FTP 202 Command Superfluous vs 215 System Type
Both FTP 202 (Command Superfluous) and 215 (System Type) belong to the 2xx Positive Completion category. 202 indicates that the command is not implemented but is recognized as superfluous. The server acknowledges the command but it has no effect. Meanwhile, 215 means that the NAME system type, where NAME is an official system name from the list in the Assigned Numbers document. Reports the operating system of the server.
Description
The command is not implemented but is recognized as superfluous. The server acknowledges the command but it has no effect.
When You See It
When you send a command the server recognizes but considers unnecessary, such as ALLO on a server that does not require pre-allocation.
How to Fix
No fix needed — the server is telling you the command is not necessary. You can safely ignore this response and continue.
Description
The NAME system type, where NAME is an official system name from the list in the Assigned Numbers document. Reports the operating system of the server.
When You See It
After issuing the SYST command. The server reports its operating system type, commonly 'UNIX Type: L8' or 'Windows_NT'.
How to Fix
No fix needed — use this information to adjust path separators and line endings for the server's OS type.
Key Differences
FTP 202: The command is not implemented but is recognized as superfluous. The server acknowledges the command but it has no effect.
FTP 215: The NAME system type, where NAME is an official system name from the list in the Assigned Numbers document. Reports the operating system of the server.
You encounter 202 when when you send a command the server recognizes but considers unnecessary, such as ALLO on a server that does not require pre-allocation.

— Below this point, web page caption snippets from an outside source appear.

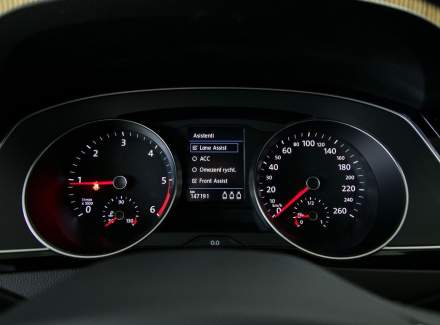Volkswagen - Passat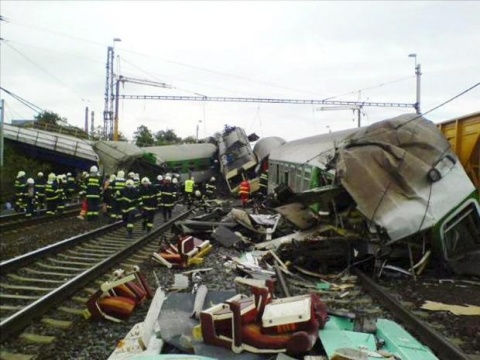 77 Die in Train Crash in Spain, Dead Toll Might Rise: 77 Die in Train Crash in Spain, Dead Toll Might Rise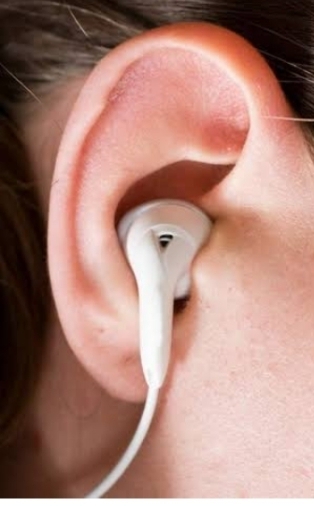 Наушники очень вредны для нашего здоровья.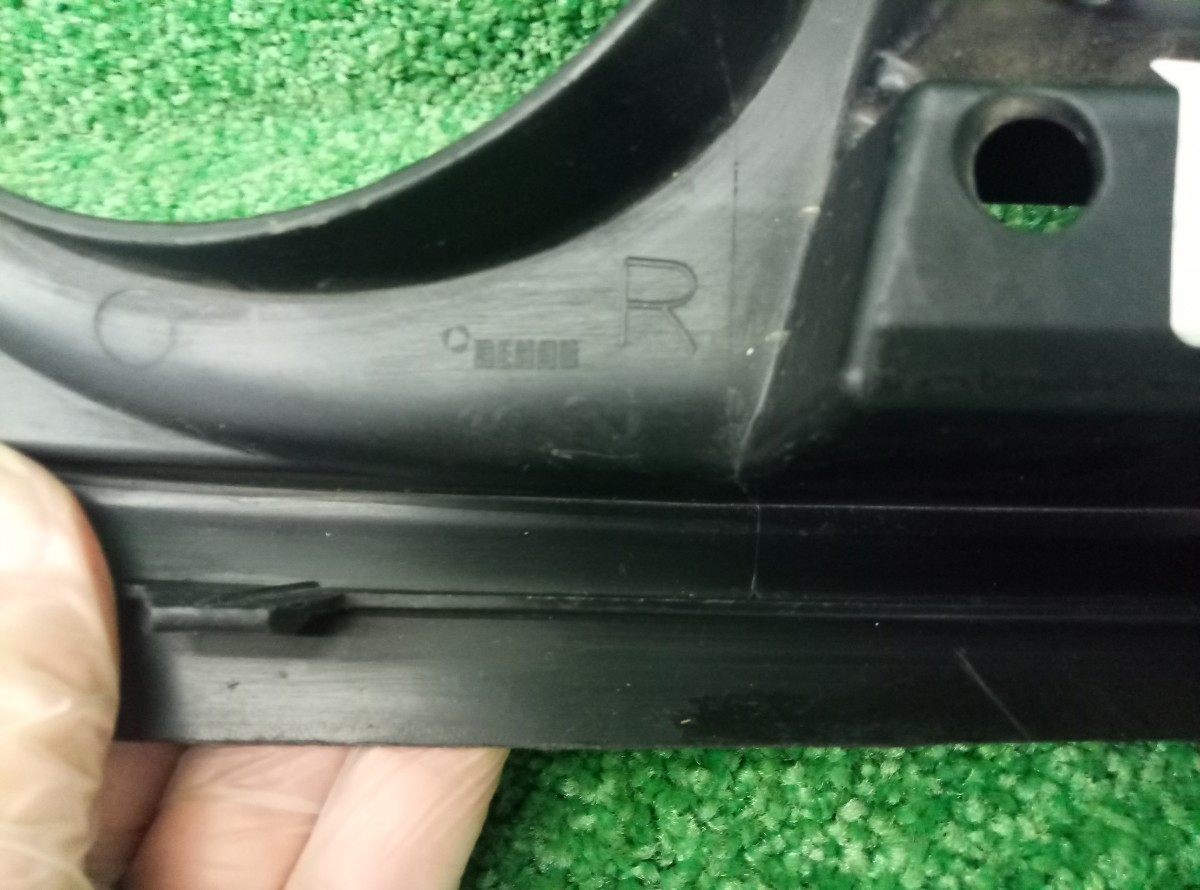 Решетка в бампер правая BMW 5-Series(F10,F11,F07) 2009-2013 51117331736 на BMW 5-Series(F10,F11,F07)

You encounter 215 when after issuing the SYST command. The server reports its operating system type, commonly 'UNIX Type: L8' or 'Windows_NT'.
When to Use Which
For 202 (Command Superfluous): No fix needed — the server is telling you the command is not necessary. You can safely ignore this response and continue. For 215 (System Type): No fix needed — use this information to adjust path separators and line endings for the server's OS type.